Prepare a database for CodeQL

5 minutes

CodeQL treats code like data. You create a database by using queryable data that you extract from your codebase. Then you can run CodeQL queries on this database to identify security vulnerabilities, bugs, and other errors. You can write your own queries or run standard CodeQL queries written by GitHub researchers and community contributors.

In this unit, you learn how to create a database. This step is required before you can analyze your code. You need to create a CodeQL database that contains all the data necessary to run queries on your code.

CodeQL analysis relies on extracting relational data from your code and using it to build a CodeQL database.

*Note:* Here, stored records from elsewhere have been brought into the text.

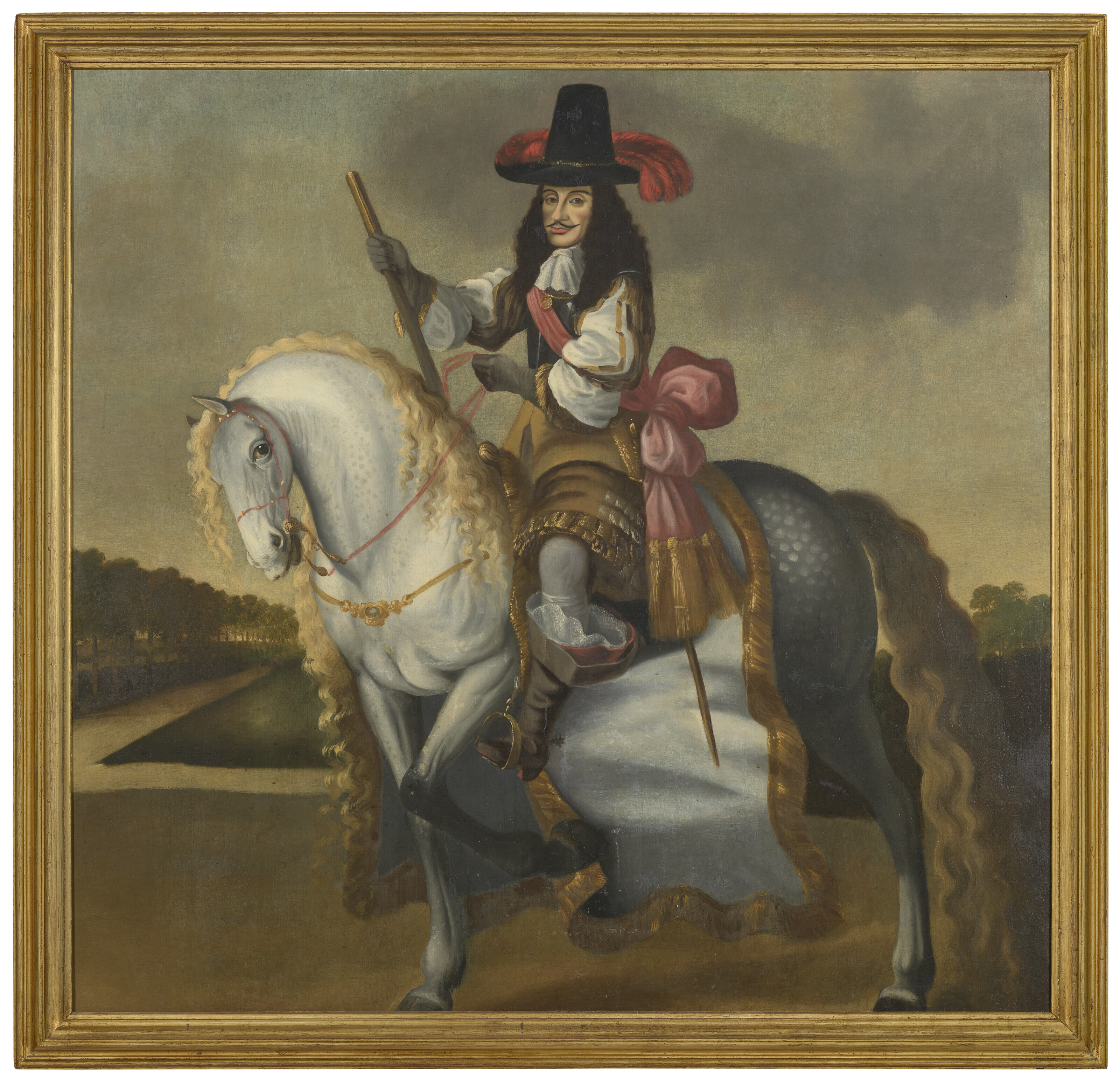 Dutch School — Конный портрет короля Карла II (1630-1685), установленный на сером коне на фоне пейзажа
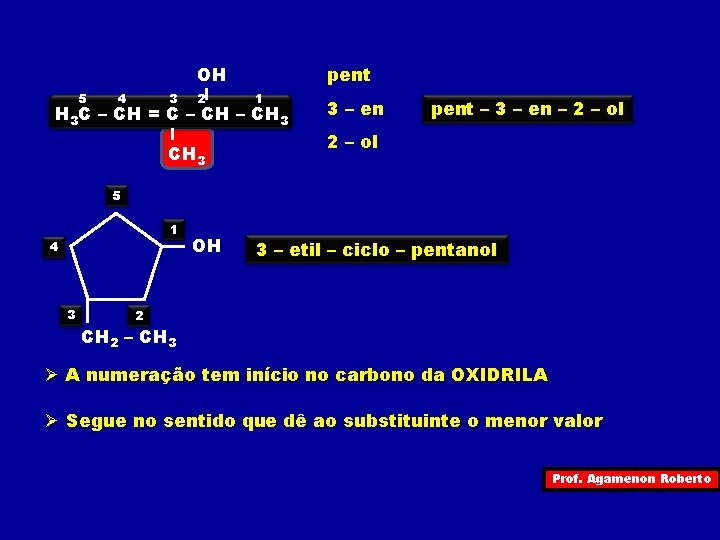OH 5 4 3 2 pent 1 H 3 C – CH = C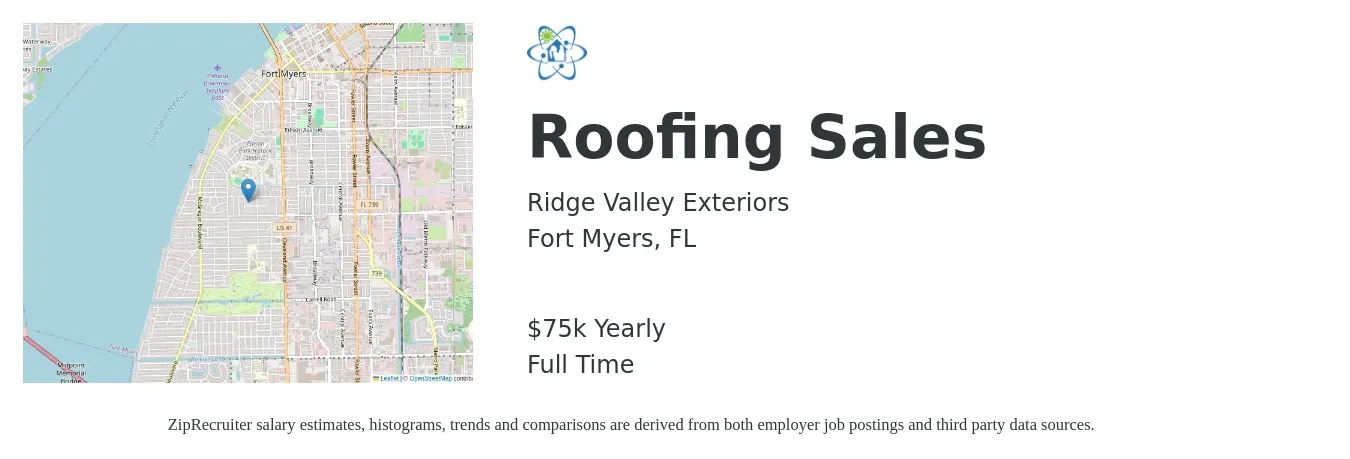 Ridge Valley Exteriors job posting for a Roofing Sales in Fort Myers, FL with a salary of $75,000 Yearly with a map of Fort Myers location.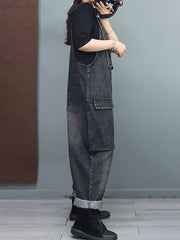 Women Winter Baggy Rivet Pocket Denim Overalls Jumpsuit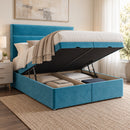 Sara upholstered divan bed with storage open in a modern bedroom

These databases contain all of the important information about a codebase.

You can use the CodeQL CLI standalone product to analyze code and to generate a database representation of a codebase. After the database is ready, you can query the database or run a suite of queries to generate a set of results in Static Analysis Results Interchange Format (SARIF).

Database preparation for CodeQL

Before you generate a CodeQL database, you need to install and set up the CodeQL CLI. You then need to check out the version of your codebase that you want to analyze.

For compiled languages, the directory should be ready to build, with all dependencies already installed. CodeQL begins by extracting a single relational representation of each source file in the codebase to create a database. You'll use this database to analyze your code.

For interpreted languages, the extractor runs directly on the source code. This capability gives you an accurate representation of the codebase and resolves any dependencies.

Source file extraction from the codebase works by monitoring the normal build process for compiled languages. CodeQL makes a copy of the source file each time you invoke a compiler to process a source file. It collects all relevant information about the source code with each source file.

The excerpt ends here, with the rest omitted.